Esforços "discretos"

À TSF, o ministro dos Negócios Estrangeiros sublinhou também que o Governo "tem feito, de forma discreta, todos os esforços para que a situação em Moçambique possa retomar a normalidade tão rapidamente quanto possível". De acordo com o governante, o Governo tem ainda estado "em contacto estreito com os portugueses através do consulado e da embaixada". Paulo Rangel apelou ainda a "uma forte reconciliação nacional" e considera que "as autoridades ainda em funções e as novas deviam promover um diálogo inclusivo com todos os protagonistas que têm sido relevantes nestes meses" pela "cessação de toda a violência e o assegurar, pelas autoridades, do direito à manifestação".
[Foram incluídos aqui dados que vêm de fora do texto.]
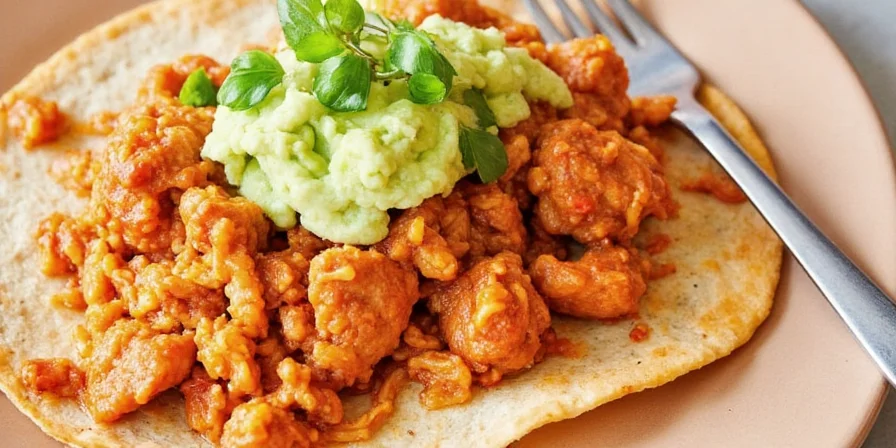 tinga de pollo the spicy mexican comfort food you never knew you needed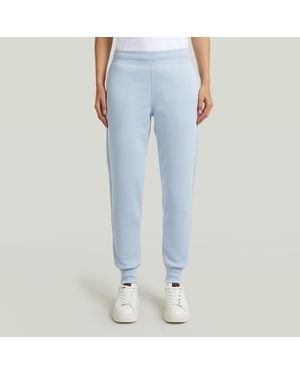 G-Star Premium Core 2.0 Sweatpant - Blauw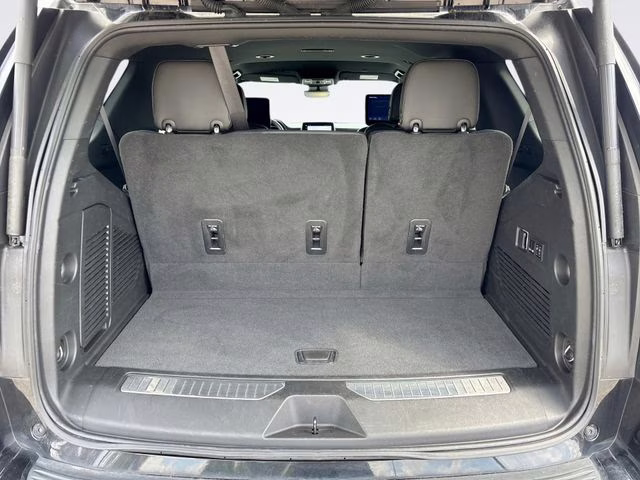 2023 Black Chevrolet Tahoe High Country 4X4 SUV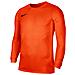 Maglia Uomo a Manica Lunga DriFit Park VII Colore Arancio Taglia M - Foto miniatura 4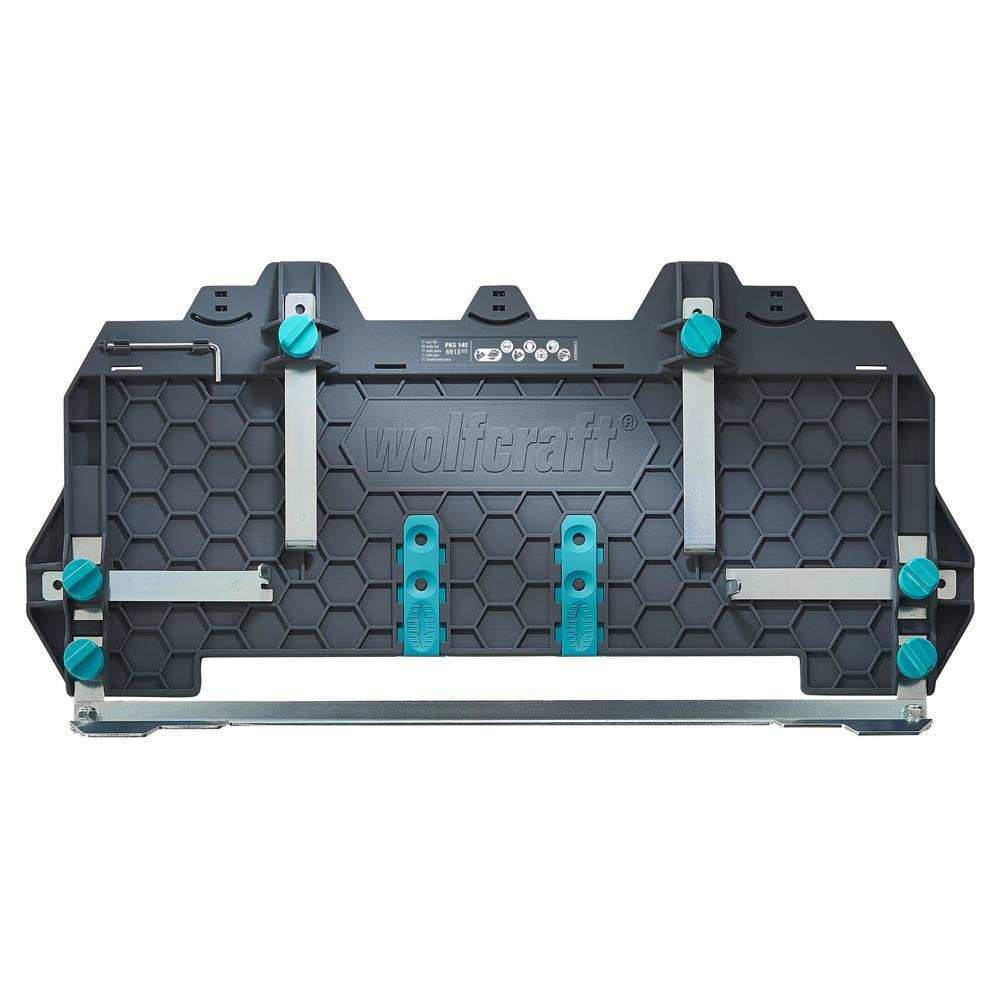 Wolfcraft Vodilica Za Kružne Pile FKS 145 / 145 cm – 6913000 by Wolfcraft 6913000 Pribor Za Kružne Pile - detalj 10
Ao início da noite desta quinta-feira, o gabinete do primeiro-ministro divulgou em comunicado que Luís Montenegro falou ao telefone com o Presidente eleito de Moçambique, Daniel Chapo, e lhe transmitiu a preocupação do Governo português com "o clima de violência e tensão" no país, reiterando a disponibilidade do seu executivo para trabalhar com "as autoridades e as restantes forças políticas". O comunicado refere ainda que, no telefonema, Montenegro lamentou profundamente as perdas de vidas humanas.

As eleições gerais de 9 de Outubro juntaram as eleições para a Assembleia da República de Moçambique, as assembleias e governadores provinciais e para o cargo de Presidente da República. O processo foi criticado por observadores internacionais, que apontaram várias irregularidades, e gerou violência e protestos nas ruas.

A 23 de Dezembro, o Conselho Constitucional, última instância de recurso em contenciosos eleitorais, proclamou Daniel Chapo, candidato apoiado pela Frente de Libertação de Moçambique (Frelimo, no poder), como vencedor da eleição presidencial, com 65,17% dos votos, bem como a vitória da Frelimo, que manteve a maioria parlamentar.

Os confrontos entre a polícia os manifestantes já provocaram quase 300 mortos e mais de 500 pessoas foram baleadas desde 21 de Outubro, segundo organizações da sociedade civil que acompanham o processo.